Okay, so now Kirsty is speaking, no K is writing, no K is thinking, no K is spamming (hehe). I joined SPAM in 2019 (maybe actually early 2020, but the period before the first lockdown is blurry) but I remember having a dream the night before that I was asked to join SPAM. When I got the email, I thought I was still inside the dream. The press had been such an important aspect of my own development as a writer and collaborator before I joined - a particularly luminous memory was when I was asked to collaborate with Colin Herd on a Britney Spears inspired performance in 2018…if you know, you know. The convergence of poetics, theory, trashiness, lowbrow, experiment, technology, and the dedication to what the zine could do, and where it could go felt brand new at the time in Glasgow; it was a space for community, where everyone regardless of whether you had written or read poetry before, could join in. Never was this more obviously evident than at launches held in the early years at the Poetry Club in Glasgow: here was SPAM stuffing our faces with chips and cheese with bands, poetry readings and burger films <3 I was able to wear my prom outfit to one of their launches for goodness sake! Here was the writing scene that did not simplify words but instead danced in their complexity as a poetic force that skimmed off our screens. To be asked to be a part of this monstrous and exuberant scene was a dream, and it still is.

Contents page for SPAM's prom issue zine; it says at the top SPAM Class of 2018

—-insert dial up tone of brain—-

It’s been a really zzzzzzziiiiney season. Kirsty is making zany face at me across the table. The Glasgow Zine Library has just upgraded to a bigger space, and I’ve lost track of the brilliant publications my friends, peers and students have handed me over the years. I have this IKEA desk with shelves beneath it that is positively teeming with paper pamphlets. Everyday a new one will fall out and land on the floor. That’s basically how I think all the time. Things are falling out of my deskshelf. Stray thoughts I pick up tell me to pick up. I don’t think there can be a ‘peak zine’ moment because the transience of the form itself seems resistant to the glut that is ‘data’ or ‘literature’. I can’t pour myself into a zine, but I can swap one?
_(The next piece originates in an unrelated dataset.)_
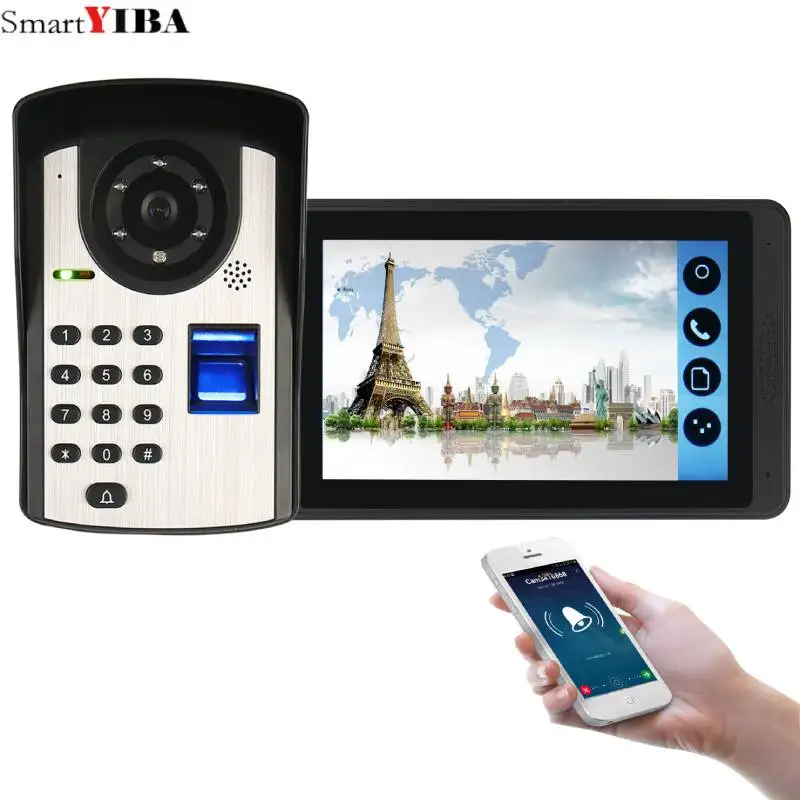 Smartyiba Vingerafdruk Wachtwoord App Afstandsbediening 7 Inch Monitor Wifi Draadloze Video Deurtelefoon Deurbel Intercom Systeem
A desk with zines spilling out the shelves, and a laptop on top

My life = butterfly slippers x trichology device x space heater x broken blinds

++++ spam us with your poetic clutter :’) ++++


I don’t think I’d still be writing poetry if it wasn’t for SPAM. Maebh and Denise, the founding editors, taught me that poetry was social possibility. It was fun and it changed the language. It was like Bernadette Mayer says working your ass off. I still think about Maebh thinking about the line about ‘these yellow socks i love them’ in a Crispin Best poem while her cat was snaking around the kitchen table and we were doing the labour theory of value applying rhinestones to issue 4: Astral Projections and Talismanic Persuasions. Don’t tell anyone but I kind of didn’t ‘get’ poetry before I met Denise and Maebh. They had this enthusiasm for the coolness of poetry which put the ‘lit’ in literature, lol. I was already obsessed with theory and its sinewy poetics but they taught me to have opinions that you could say out loud. I was a fragile lamb before all that, helplessly bleating and running up and down the valleys of Romanticism <3

—-----crash, bang, walloOOop—-------🙂

‘​​my autocorrect keeps displacing my selfhood’

– Ian Macartney, Operations Coordinator at SPAM Press CIC, in whatsapp correspondence with Maria

From the prom of having won silkenness at the poetry club put myself in Jim Lambie’s washing machine to come out 100% poem blushed spam pink.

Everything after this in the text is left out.